Action item ▸
With the pictures removed, retype the lines from the one holding "THE MENS STORE" through the end of the records, exactly as written.
==*==
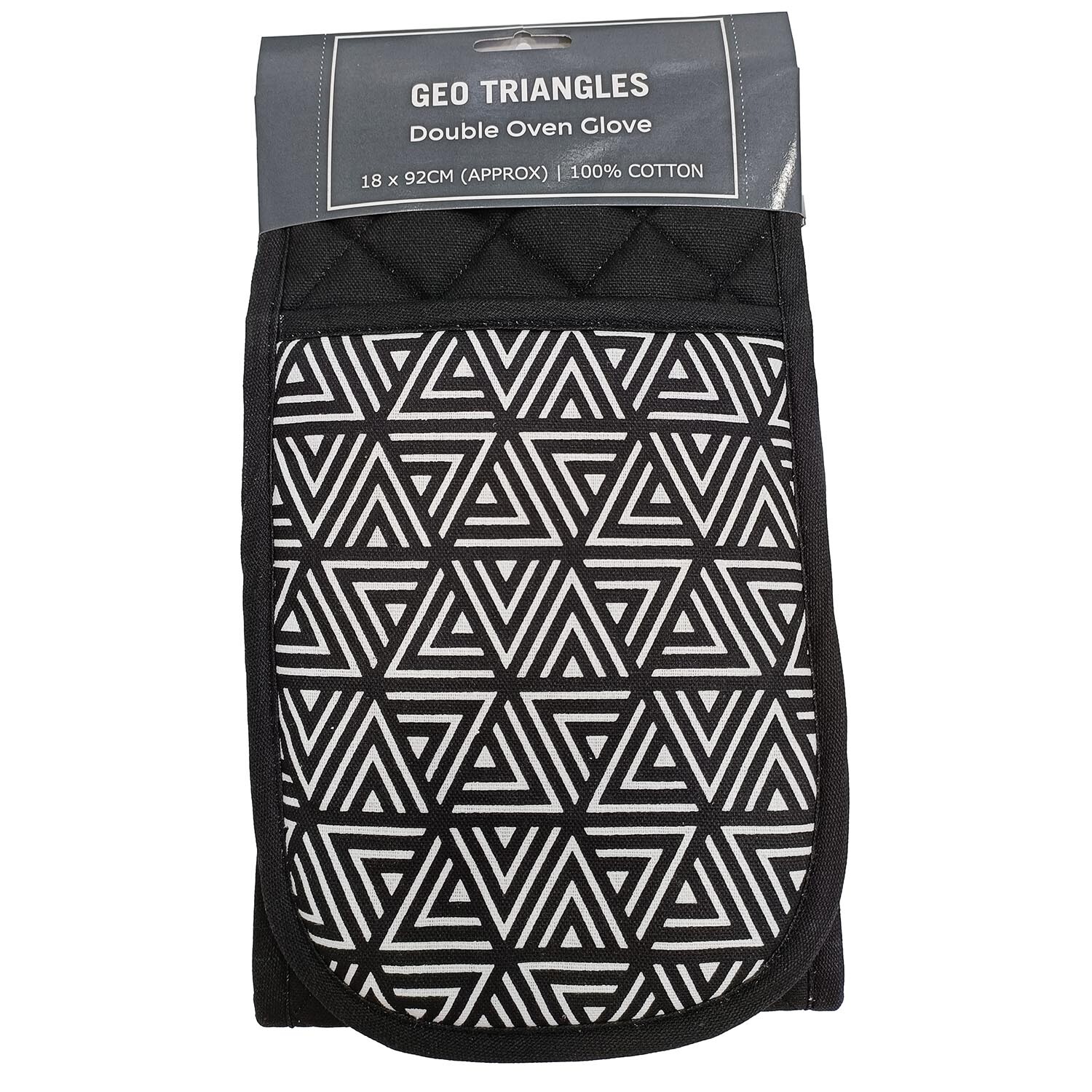 Geo Triangles Double Oven Glove Image 2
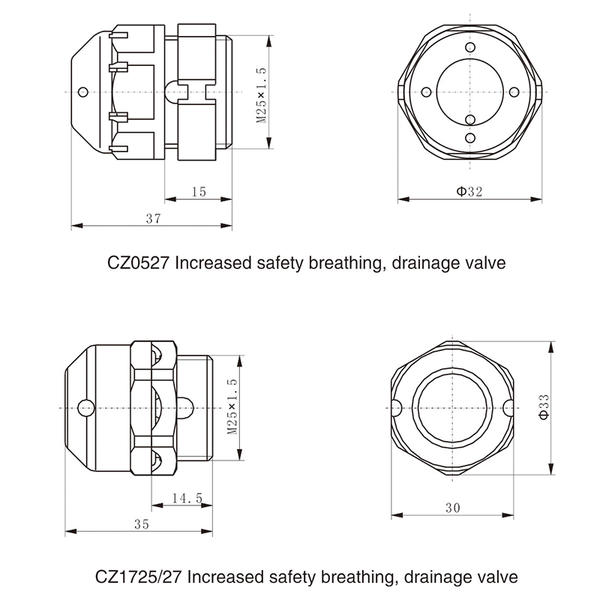 CZ0527 Increased safety breathing, drainage valve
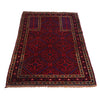 Baluchi Rug Handmade Multi Prayer Design 3x5 ft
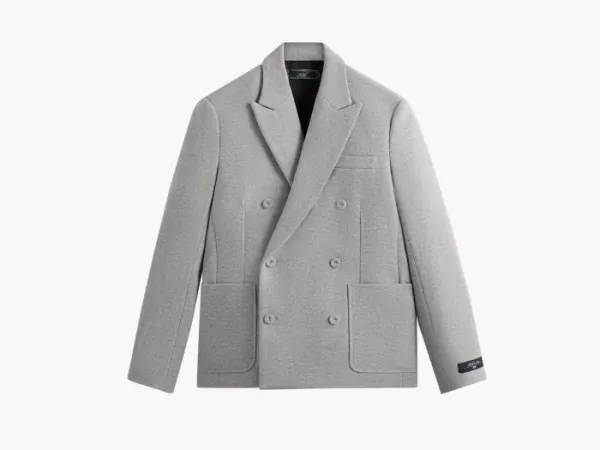 Kith Felted Jersey Julius Blazer Heather Grey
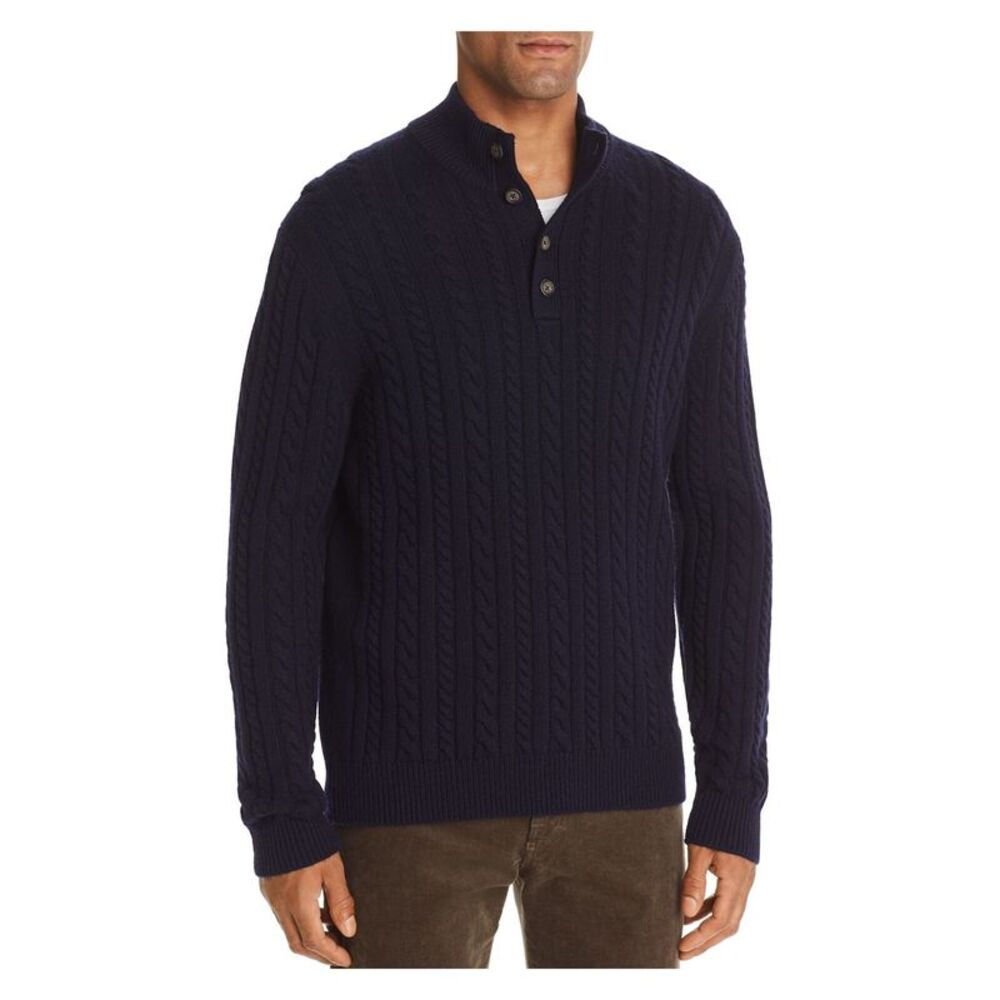 THE MENS STORE Mens Blue Classic Fit Sweater S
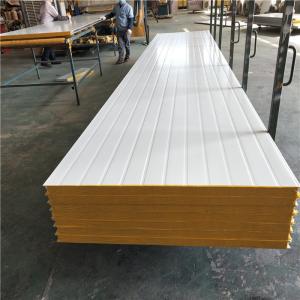 China sound insulation prefabricated house 50mm rock wool embossing sandwich panel factory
==*==
Exercise response ▸
 THE MENS STORE Mens Blue Classic Fit Sweater S
 China sound insulation prefabricated house 50mm rock wool embossing sandwich panel factory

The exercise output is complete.